Sementara itu Azizah Zakaria dari National University of Singapore (NUS) Center for the Arts, terpesona dengan komposisi musik Simak Dialog dan I Wayan Balawan. Benno Rama Dia, mewakili Brisbane Powerhouse, memilih kelompok tari Independent Expression, KITA Dance, dan Ni Kadek Yulia Puspasari. Sedangkan Liew Chin Choy dari Nanyang Academy of Fine Arts berminat pada tari Tongkonan dari Sanggar Kreatif Sulawesi Selatan.
Beberapa presenter lokal juga tidak ketinggalan. Penampilan Rury Nostalgia, misalnya, sudah diincar Martin Krumeck, yang memiliki sebuah gedung pertunjukan di Kuta, Bali.

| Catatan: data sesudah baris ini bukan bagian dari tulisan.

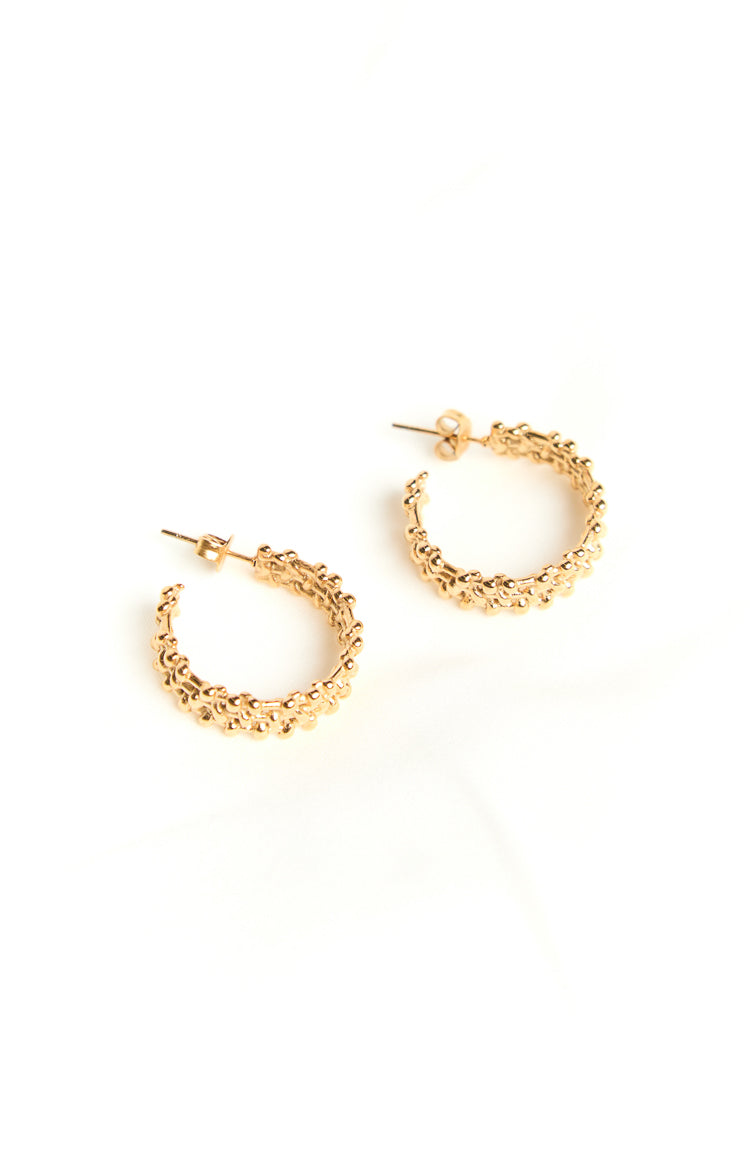 Ellarah Gold Hoop Earrings 2 Pack Image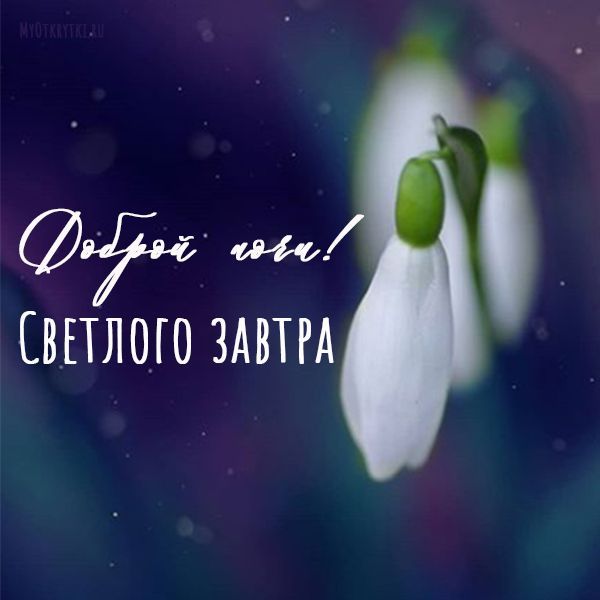 Открытка «Доброй ночи»: Доброй ночи: милый подснежник и светлого завтра.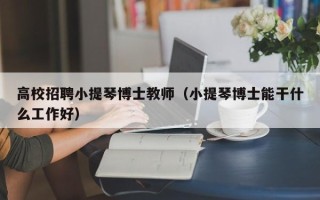 高校招聘小提琴博士教师（小提琴博士能干什么工作好）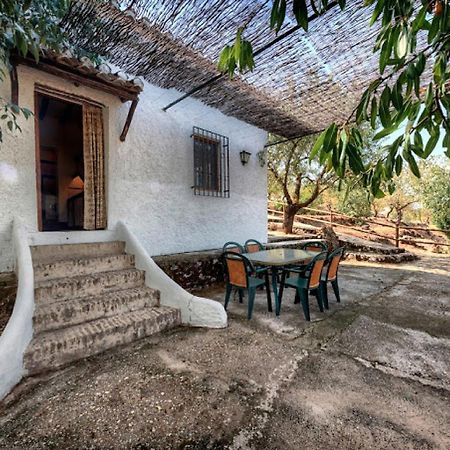 Apartamento Cortijo Balzain La Zubia  Exterior foto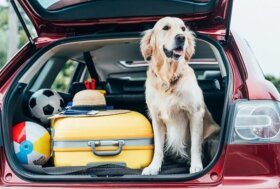 I Pet “orientano” la vacanza, secondo l’Osservatorio Quattrozampeinfiera il 78,8% dei possessori porterà cane o gatto in vacanza
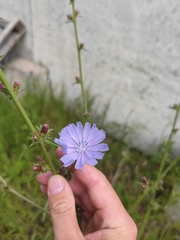 Cichorium intybus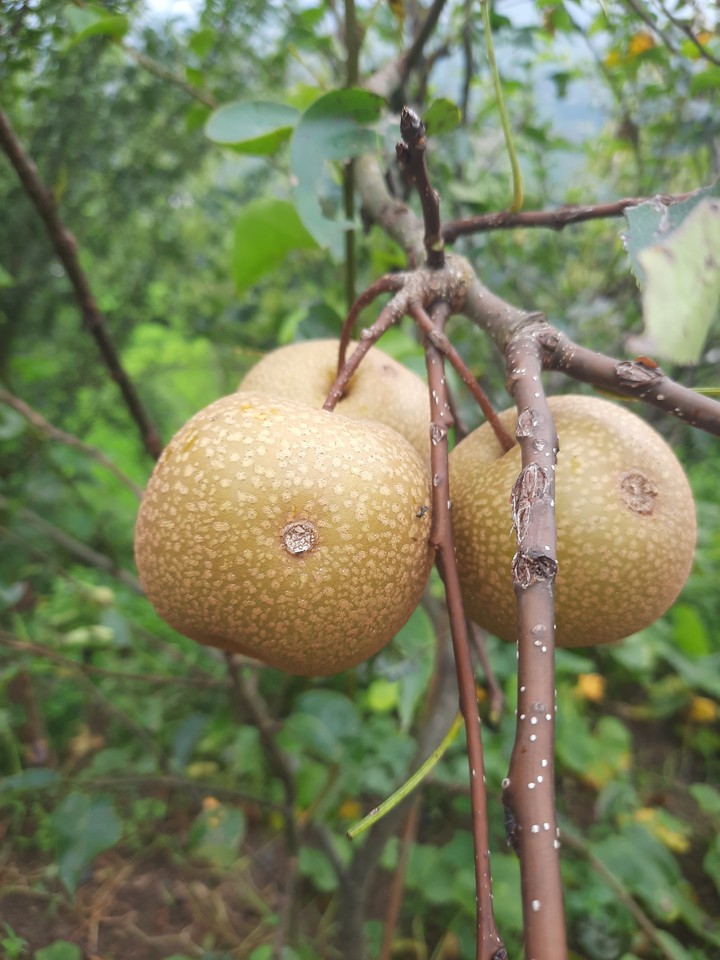 Pear.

Ananda Sukarlan, pianis Indonesia yang datang mewakili Spanyol, tempat ia bermukim sekarang, berencana mengusung kelompok musik Metadomus dan I Nyoman Sura, koreografer dari Bali. Sedangkan Direktur Goethe Institut Marla Stukenberg merekomendasikan Teater Satu (Lampung) untuk tampil di festival teater Berlin – yang setiap tahun rutin diikuti teater dari Indonesia.
Hasil tersebut memang sebatas potensi, yang untuk mewujudkannya membutuhkan waktu. Hanya saja, di tengah kegamangan kita boleh bangga bahwa kesenian Indonesia mampu go international. Juga, jangan salah, gamelan Jawa, untuk menyebut salah satu contoh, sudah lama mendunia.
Di AS, misalnya saat ini tak kurang dari 300 set gamelan dengan ratusan grup yang memainkannya. Di Paris konon ada 15 grup dan di London 20-an grup gamelan. Di negara tetangga Australia, jangan ditanya lagi, grup-grup penabuh gamelan sudah terbentuk di Sydney, New England, Perth, Adelaide, Armidale.
Belum lagi di Jepang, Bulgaria, Ceko, dan beberapa negara di Eropa Timur. Bahkan komposisi gamelan Ketawang Puspowarno, karya Ki Tjokrowasito, sempat terbang ke luar angkasa, Voyage tahun 1977, bersama musik klasik karya Bach, Beethoven, dan Mozart.